No one has said this is *necessarily* true. The empirical research on
the OA impact advantage and the "self-selection bias" is being
conducted to see whether it is true as a matter of empirical evidence.

> Studies have shown variable citation behaviour in which the access of
> an article appears to have no bearing. For example higher citation of the
> same article within different (higher "Impact Factor") journals (Vincent
> Larivière and Yves Gingras on

(1) Not every OA article will be cited more: only the ones that are
found useful enough to be citeable will. And the more useful an
article is, the greater the observed OA citation advantage.
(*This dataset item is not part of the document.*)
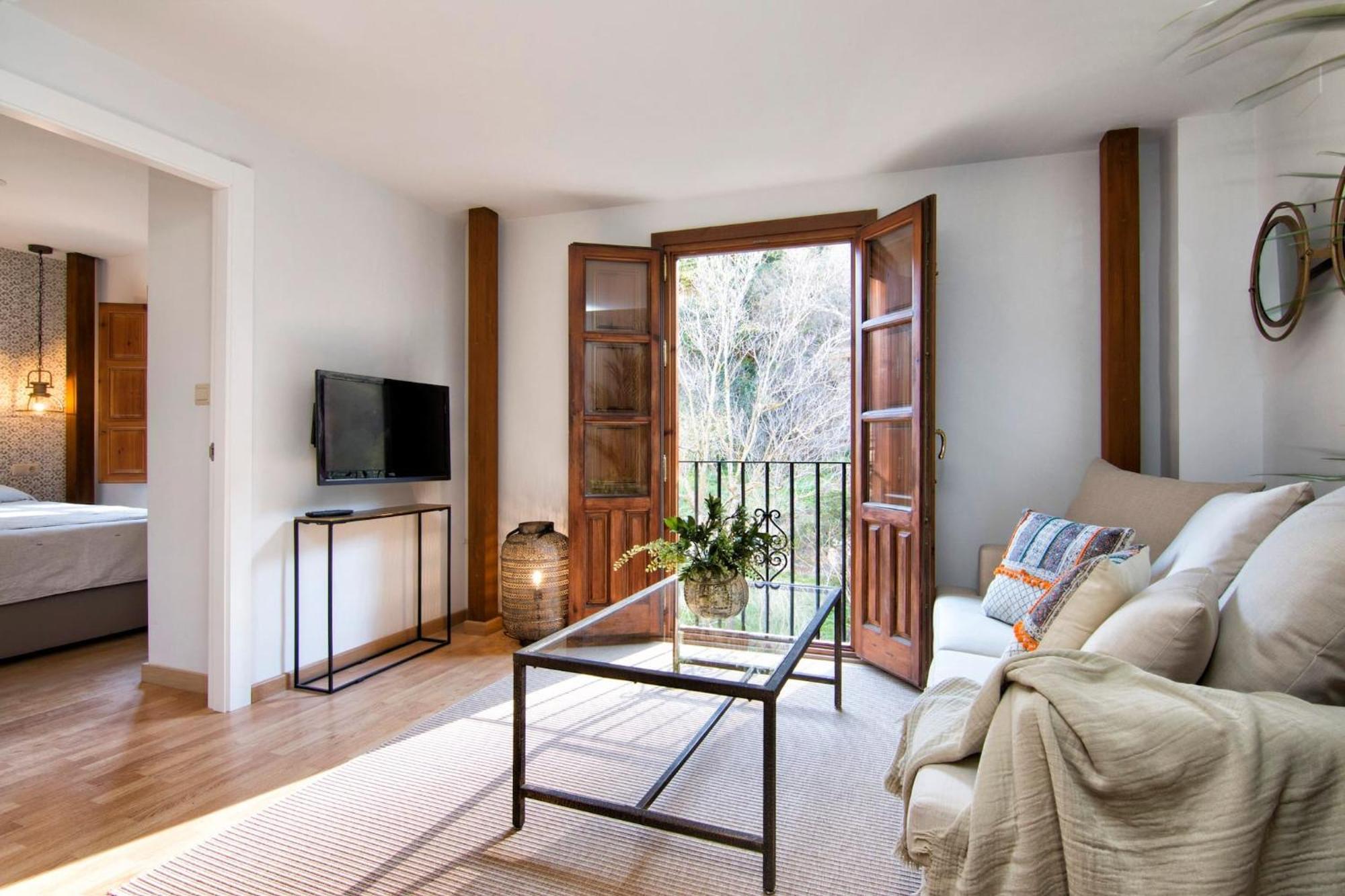 Luxury Alhambra Hideaway Apartment Granada Bagian luar foto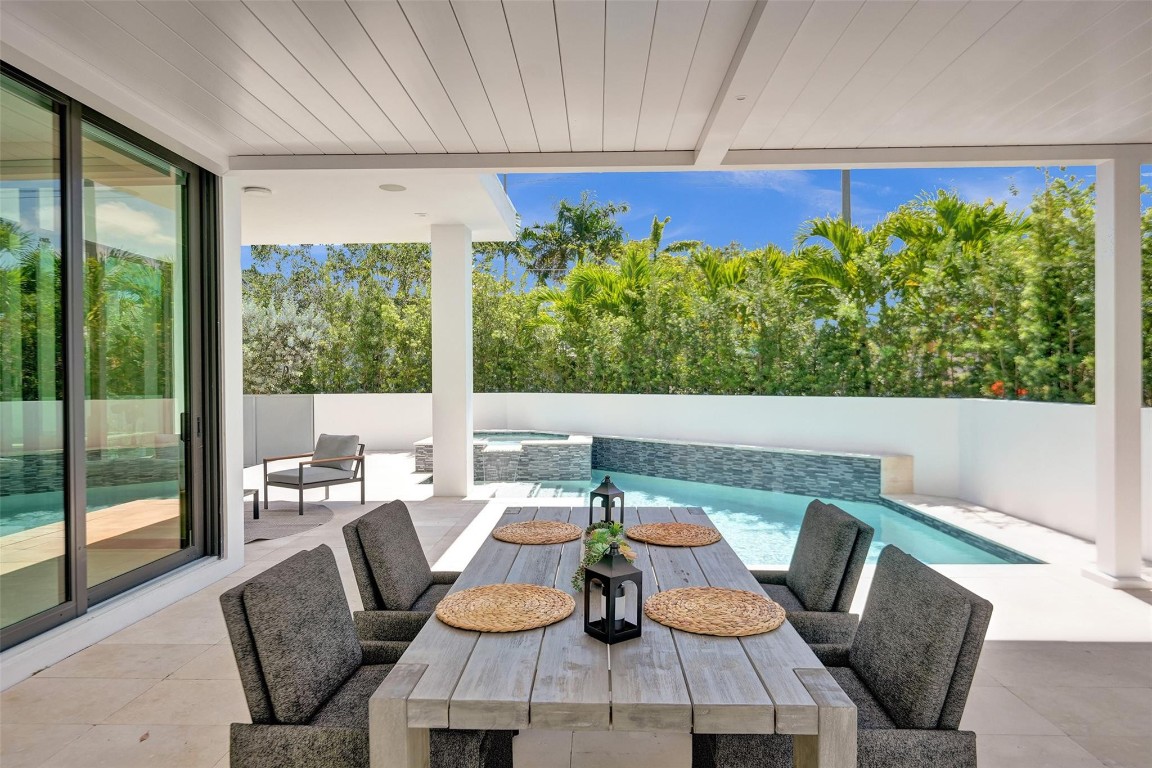 1111 SE 9th Fort Lauderdale, FL 33316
That is
why the empirical question about causality is: "Are OA articles more
likely to be cited because they are OA? Or are they more likely to be
OA if they are more cited (the self-selection bias)?

(2) 80% of citations are citations of the top 20% of articles.

(3) The top journals are both more likely to publish the top articles
and more likely to be cited.

(4) Gingras & Larivière are our co-authors on the study testing
mandated OA against self-selected OA that I mentioned (and that is
being submitted for peer review).

> and the "cluster-effect" of citations whereby authors follow citation trails
> laid by papers that they read resulting in a reduction in the number of
> articles being cited (James Evans in Science, 18 July 2008).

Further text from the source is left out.